Suppose ${\displaystyle X}$ is a topological space that satisfies the conclusion of the intermediate value theorem: For any continuous function ${\displaystyle f:X\to \mathbb {R} }$, and two elements ${\displaystyle x_{1},x_{2}\in X}$ such that ${\displaystyle f(x_{1})<f(x_{2})}$, ${\displaystyle f(X)}$ must contain ${\displaystyle [f(x_{1}),f(x_{2})]}$.

Then, ${\displaystyle X}$ is a connected space.

Related facts

Converse

• Intermediate value theorem

Proof

Given: A topological space ${\displaystyle X}$ such that for any continuous function ${\displaystyle f:X\to \mathbb {R} }$, and two elements ${\displaystyle x_{1},x_{2}\in X}$ such that ${\displaystyle f(x_{1})<f(x_{2})}$, ${\displaystyle f(X)}$ must contain ${\displaystyle [f(x_{1}),f(x_{2})]}$.

To prove: ${\displaystyle X}$ is connected.

Proof: Suppose not, i.e., suppose ${\displaystyle X}$ is not connected.
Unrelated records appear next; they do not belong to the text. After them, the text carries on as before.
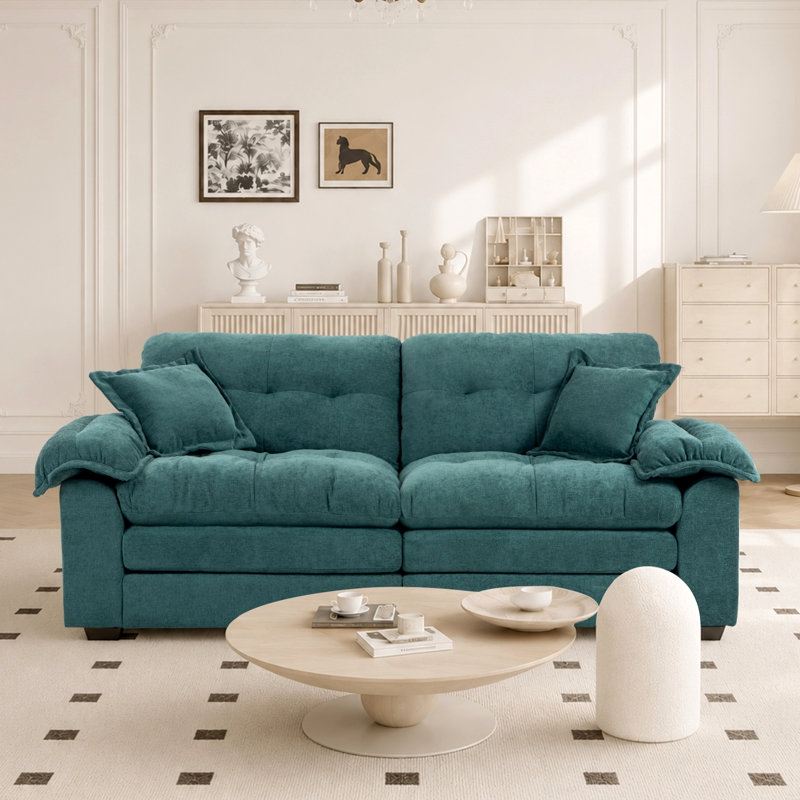 Geneveve 84" Chenille Upholstered Pillow-Top Arm Loveseat Sofa with Memory Foam Cushions and Pocketed Coil Springs, Green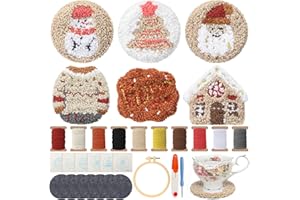Mindsoft 6 Pcs Christmas Punch Needle Coaster Kit for Adult Beginner Xmas Tree Snowman Punch Needle Embroidery Kit with 6 Patterns Yarn Tool Felt Embroidery Hoop Instruction for DIY Craft Supplies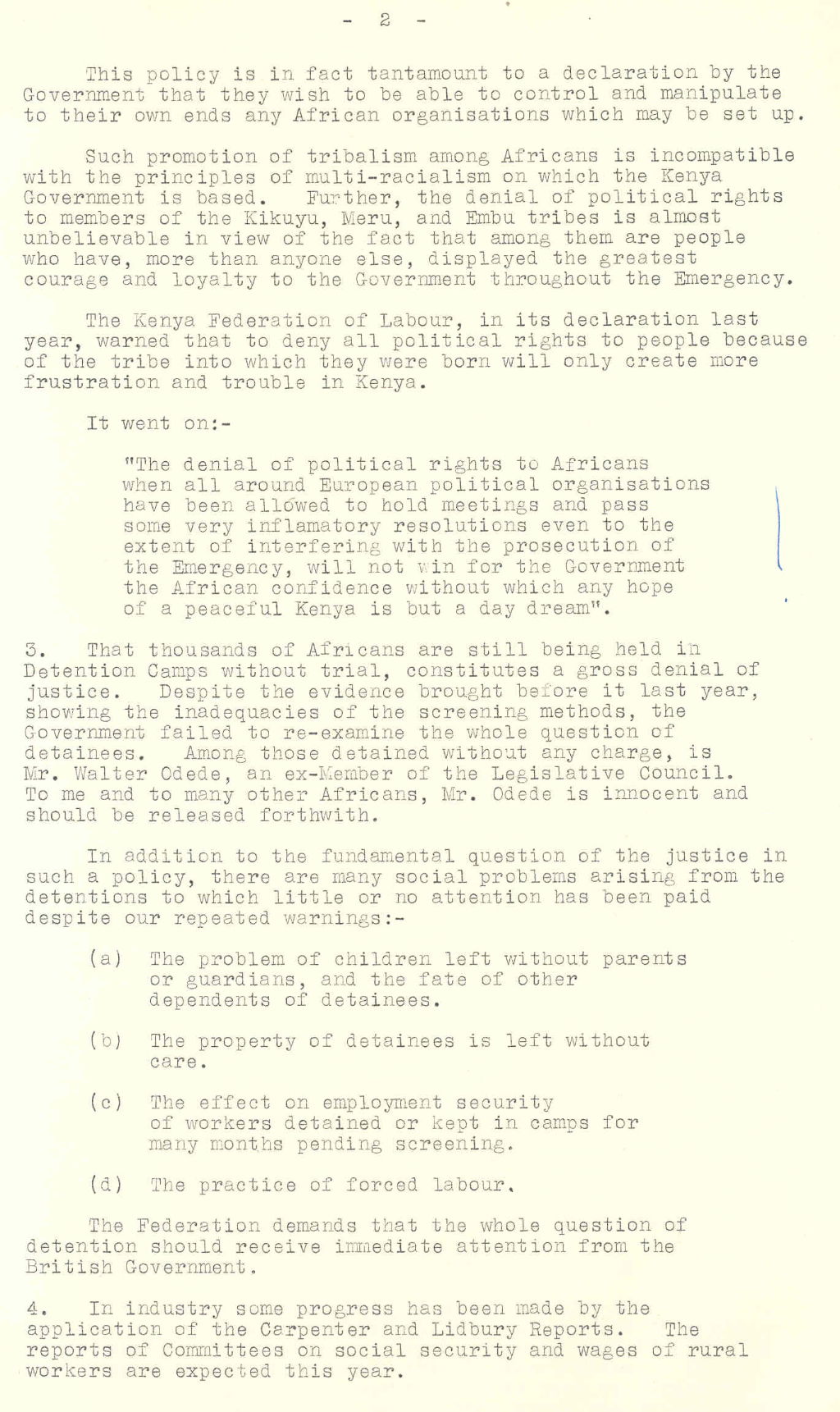 Forced labour in Kenya: the use of detainees to work on government projects, 1955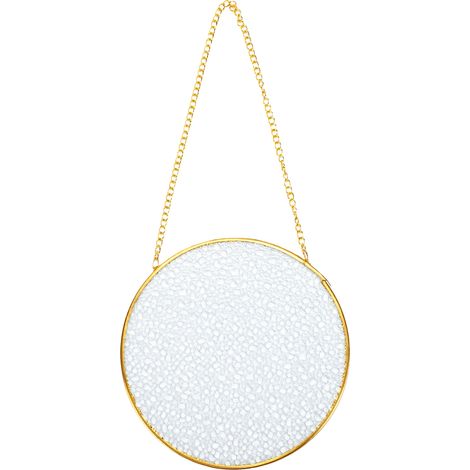 Pendentif décoratif en verre non peint, attrape-lumière pour loisirs créatifs, décoration de fenêtre, maison et jardin, rond, doré, 15 x 15 x 3 cm / 5,91 x 5,91 x 1,18 po (1/5)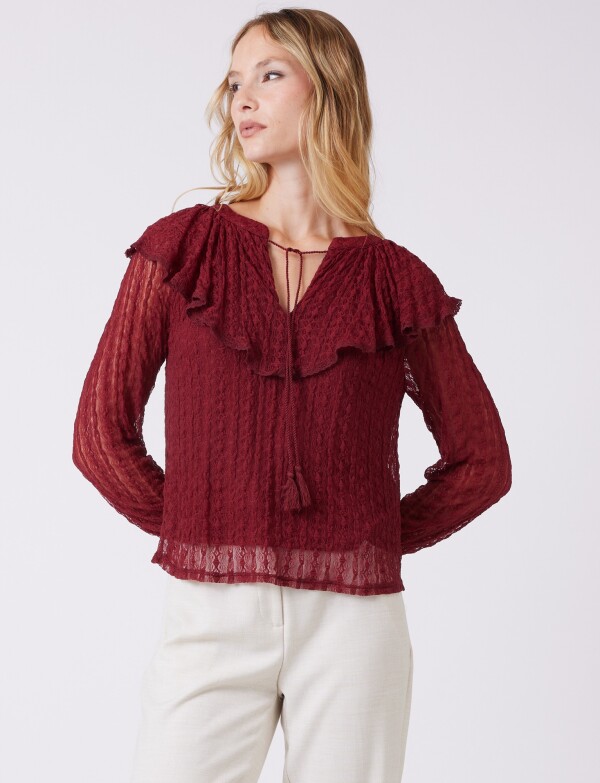 Blusa Encaje BORDEAUX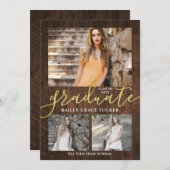Rustic Elegance 4-Photo Collage Afstuderen Announc Aankondiging (Voorkant / Achterkant)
Then, ${\displaystyle X}$ is a union of two nonempty disjoint open subsets ${\displaystyle U}$ and ${\displaystyle V}$. Consider the function ${\displaystyle f:X\to \mathbb {R} }$ defined by ${\displaystyle f(x)=0\ \forall \ x\in U}$ and ${\displaystyle f(x)=1\ \forall \ x\in V}$. This is a continuous function (in fact, all its fibers are open).

Pick ${\displaystyle x_{1}\in U}$ and ${\displaystyle x_{2}\in V}$. By our construction, ${\displaystyle f(x_{1})<f(x_{2})}$, so by the given data, ${\displaystyle f(X)}$ should contain the interval ${\displaystyle [f(x_{1}),f(x_{2})]=[0,1]}$. But this contradicts the fact that the image of ${\displaystyle f}$ is the two-element set ${\displaystyle \{0,1\}}$.

Thus, our original assumption that ${\displaystyle X}$ is not connected cannot hold. Hence, ${\displaystyle X}$ must be connected.